Introduction
The eyes and their related diseases is one of the major topics in medicine and general practitioners and specialists will be faced with its related issues repeatedly during the course of their professional career. Emergency eye patients are an important group of clients of specialist and general emergency units. Some of these diseases are potentially sight-threatening and, in the absence of appropriate treatment, may leave lesions in the eye and will impose many social and economic damages. The majority of eye diseases are preventable and treatable through the correct treatment methods (1). Therefore, the evaluation of the prevalence of each of these diseases and disorders is necessary in order to make appropriate plans to allocate suitable educational facilities and required medical facilities (1).
Ocular emergencies include ocular trauma, infection, ocular foreign body (OFB), vascular issues, chemical and thermal burns, and impaired intraocular pressure (IOP) (2, 3). Ocular trauma is one of the common causes of unilateral blindness in children and adolescents and one of the important causes of reduced vision in adults. Statistics show that 1 out of every 20 individuals who refer to the ophthalmologist refer due to ocular trauma (2).

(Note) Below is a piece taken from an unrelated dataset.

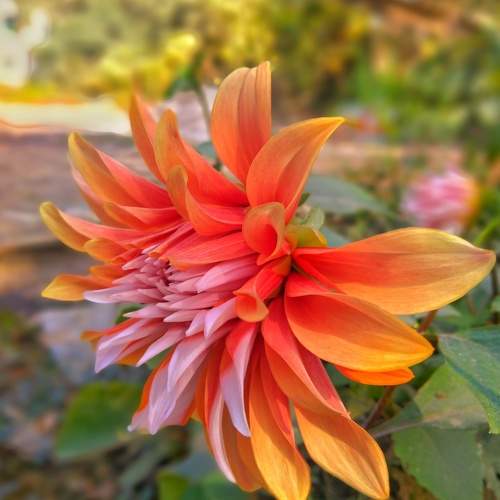 Photo #7064954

In thermal burns, usually, the eyelids are initially affected. Ultraviolet burns are mostly observed in welders, skiers, and those exposed to Ultar violet light bulbs. Chemical burns, especially with alkaline substances, are the most urgent optometry cases due to the rapid penetration of these materials into the eye tissue (4). Penetrating traumas are common emergencies which are accompanied by intraocular hemorrhage, corneal laceration, and globe rupture (5). Corneal laceration requires immediate treatment due to the risk of damage to the internal structures of the eye and infection (4). OFBs consist of particles of metal, glass, wood, stone, and other materials which can cause irreparable injury in surface and deep ocular structures (6). Sudden loss of vision is another optometry emergency which requires prompt referral to the ophthalmologist. An hour delay in referral may result in the complete and irreparable loss of vision (7). The most common symptom of retinal vein and artery occlusion is the sudden and painless loss of vision. If the loss of vision is due to central retinal artery occlusion (CRAO), with the passage of 1 hour the individual’s vision is permanently lost (8).
In the study by Shoja, 77% of individuals referred to the ocular emergency unit due to ocular trauma and OFB, and of this amount, 43% was related to OFB (9). The prevalence of OFB in the studies by El-mekaway (3), Jana (10), and Katibeh (11) was 99.37%, 45.4%, 73.7%, respectively. The prevalence of corneal laceration in the studies by Eslami (12), Channa (2) was, respectively, 3.97% and 14%.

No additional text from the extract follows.